La Guemara traite de la décision finale. Que sont les locations de Neresh ? Dans la ville de Neresh, on écrivait un document de cette manière : Untel a hypothéqué sa terre à untel, et ensuite l’emprunteur est allé la lui relouer moyennant des frais ajoutés au remboursement du prêt. Cette transaction est problématique. Quand le prêteur l’a-t-il acquise, de sorte qu’il puisse ensuite la transférer de nouveau à l’emprunteur ? Comme il n’est pas le véritable propriétaire du champ, l’argent de la location constitue en réalité un paiement pour le retard du remboursement du prêt, et cet arrangement est donc considéré comme un intérêt.

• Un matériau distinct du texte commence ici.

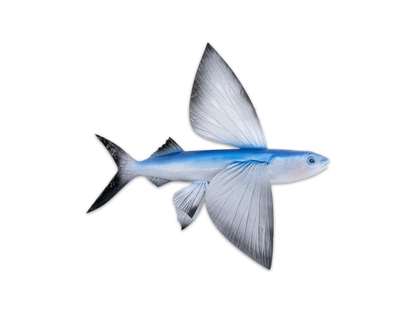 Taxidermy Fish Mount Flying Fish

וְהָאִידָּנָא דְּקָא כָתְבִי הָכִי: ״קְנֵינָא מִינֵּיהּ וּשְׁהֵינָא כַּמָּה עִידָּנֵי, וַהֲדַר חַכְרַהּ״, כְּדֵי שֶׁלֹּא תִּנְעוֹל דֶּלֶת בִּפְנֵי לוֹוִין – שַׁפִּיר דָּמֵי. וְלָאו מִלְּתָא הִיא.
La Guemara commente : Et de nos jours, lorsque nous rédigeons un document de cette manière : Nous avons acquis la propriété de lui et nous avons attendu un certain temps puis l’emprunteur est allé la relouer pour tel et tel prix, une formule qui indique que le prêteur a acquis le champ et peut désormais le louer à d’autres, qui est utilisée afin de ne pas fermer la porte au nez de potentiels emprunteurs, cela est permis, car cela n’a pas l’apparence d’un prêt à intérêt. La Guemara conclut : Mais cela n’est pas correct, car même si le champ est en sa possession, puisqu’il ne l’a pas acquis correctement, cela est considéré comme un intérêt.
מַתְנִי׳ אֵין מוֹשִׁיבִין חֶנְוָנִי לְמַחֲצִית שָׂכָר, וְלֹא יִתֵּן מָעוֹת לִיקַּח בָּהֶן פֵּירוֹת לְמַחֲצִית שָׂכָר, אֶלָּא אִם כֵּן נוֹתֵן לוֹ שְׂכָרוֹ כְּפוֹעֵל.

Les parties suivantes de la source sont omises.